## What this task involves
Please return exactly the line that contains "フラワーマルシェ フラワーペタル グリーンイエロー(4108602)" and every line after it, through the last line of the records below, with no pictures.

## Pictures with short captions
§ §

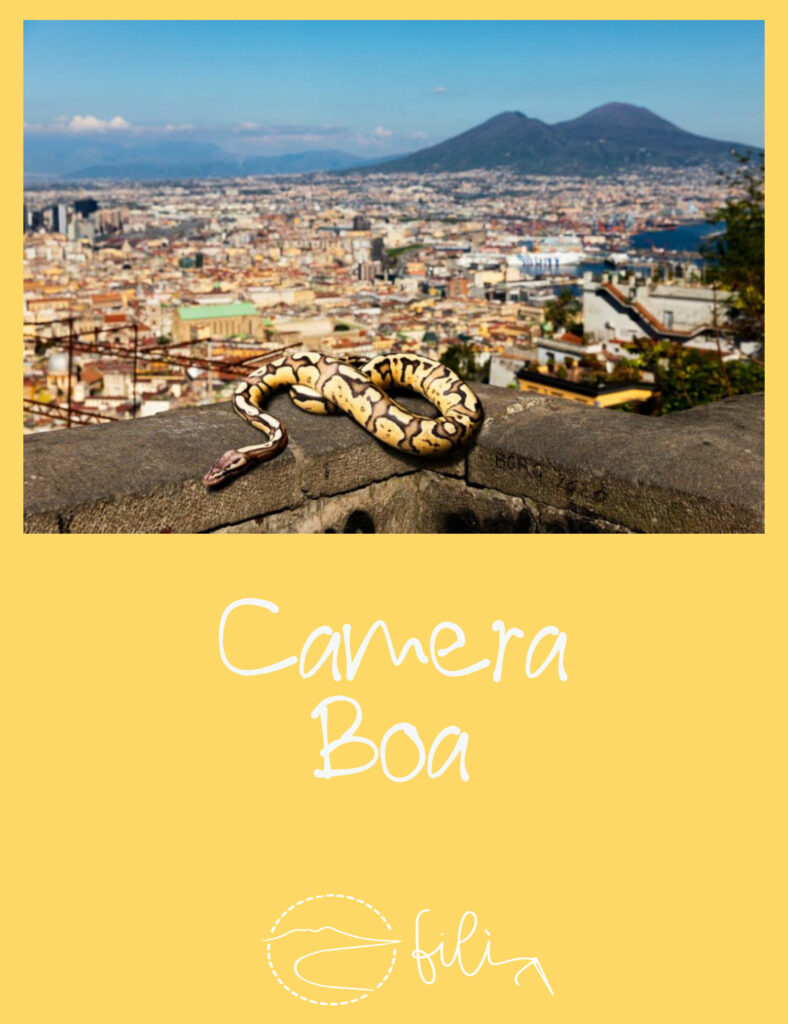 Camera Boa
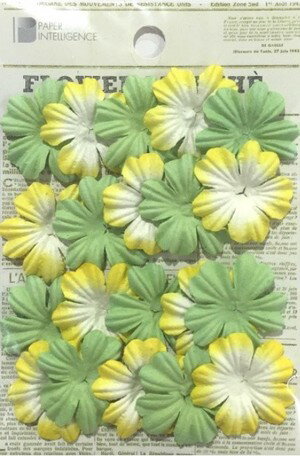 【Paper Intelligence/ペーパーインテリジェンス】 フラワーマルシェ フラワーペタル グリーンイエロー(4108602)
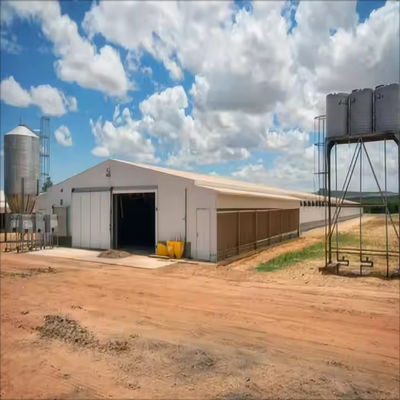 Moderno Design Impermeável Isolamento Térmico Casa de Frango Depoimento Casa de Frango Estrutura de Aço Casa de Aves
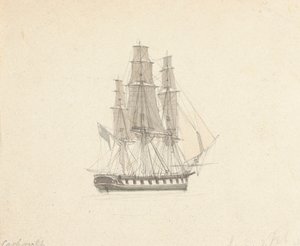 Enkel Hermafroditt Brig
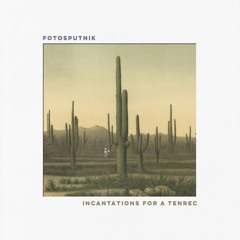 Dogs & Rabbits Sharing The Sun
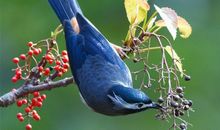 描写鸟儿动作的句子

§ §

## Exercise output
 【Paper Intelligence/ペーパーインテリジェンス】 フラワーマルシェ フラワーペタル グリーンイエロー(4108602)
 Moderno Design Impermeável Isolamento Térmico Casa de Frango Depoimento Casa de Frango Estrutura de Aço Casa de Aves
 Enkel Hermafroditt Brig
 Dogs & Rabbits Sharing The Sun
 描写鸟儿动作的句子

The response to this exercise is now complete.